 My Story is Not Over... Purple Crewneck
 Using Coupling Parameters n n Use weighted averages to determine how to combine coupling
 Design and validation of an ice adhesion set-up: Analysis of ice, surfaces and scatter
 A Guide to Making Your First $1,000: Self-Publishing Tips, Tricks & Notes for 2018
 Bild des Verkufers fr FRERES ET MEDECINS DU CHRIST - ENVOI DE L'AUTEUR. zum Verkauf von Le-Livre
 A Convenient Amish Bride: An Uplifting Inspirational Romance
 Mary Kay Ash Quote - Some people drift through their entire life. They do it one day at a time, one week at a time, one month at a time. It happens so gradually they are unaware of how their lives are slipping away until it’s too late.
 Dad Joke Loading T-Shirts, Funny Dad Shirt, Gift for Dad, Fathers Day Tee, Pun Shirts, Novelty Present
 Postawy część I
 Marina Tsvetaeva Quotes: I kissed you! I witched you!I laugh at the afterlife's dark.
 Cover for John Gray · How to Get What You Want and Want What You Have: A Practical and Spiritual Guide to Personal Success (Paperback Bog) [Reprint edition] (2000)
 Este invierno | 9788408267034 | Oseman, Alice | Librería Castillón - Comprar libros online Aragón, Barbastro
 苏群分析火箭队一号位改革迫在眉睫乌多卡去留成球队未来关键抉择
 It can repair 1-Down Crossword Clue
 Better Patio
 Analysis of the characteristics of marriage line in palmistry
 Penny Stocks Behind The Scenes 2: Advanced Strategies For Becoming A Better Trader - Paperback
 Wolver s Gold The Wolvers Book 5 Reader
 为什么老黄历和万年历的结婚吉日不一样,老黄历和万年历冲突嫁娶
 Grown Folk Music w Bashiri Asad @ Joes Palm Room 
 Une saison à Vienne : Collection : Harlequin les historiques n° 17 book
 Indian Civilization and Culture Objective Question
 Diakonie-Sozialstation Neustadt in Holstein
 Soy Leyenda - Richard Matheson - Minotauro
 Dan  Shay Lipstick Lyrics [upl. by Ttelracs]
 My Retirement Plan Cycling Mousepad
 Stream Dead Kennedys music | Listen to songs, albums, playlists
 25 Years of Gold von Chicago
════════════════
The problem: Keep both end lines and retype everything in the records above from the line containing "Postawy część I" through the line containing "Analysis of the", exactly, with nothing else.

Task response:
 Postawy część I
 Marina Tsvetaeva Quotes: I kissed you! I witched you!I laugh at the afterlife's dark.
 Cover for John Gray · How to Get What You Want and Want What You Have: A Practical and Spiritual Guide to Personal Success (Paperback Bog) [Reprint edition] (2000)
 Este invierno | 9788408267034 | Oseman, Alice | Librería Castillón - Comprar libros online Aragón, Barbastro
 苏群分析火箭队一号位改革迫在眉睫乌多卡去留成球队未来关键抉择
 It can repair 1-Down Crossword Clue
 Better Patio
 Analysis of the characteristics of marriage line in palmistry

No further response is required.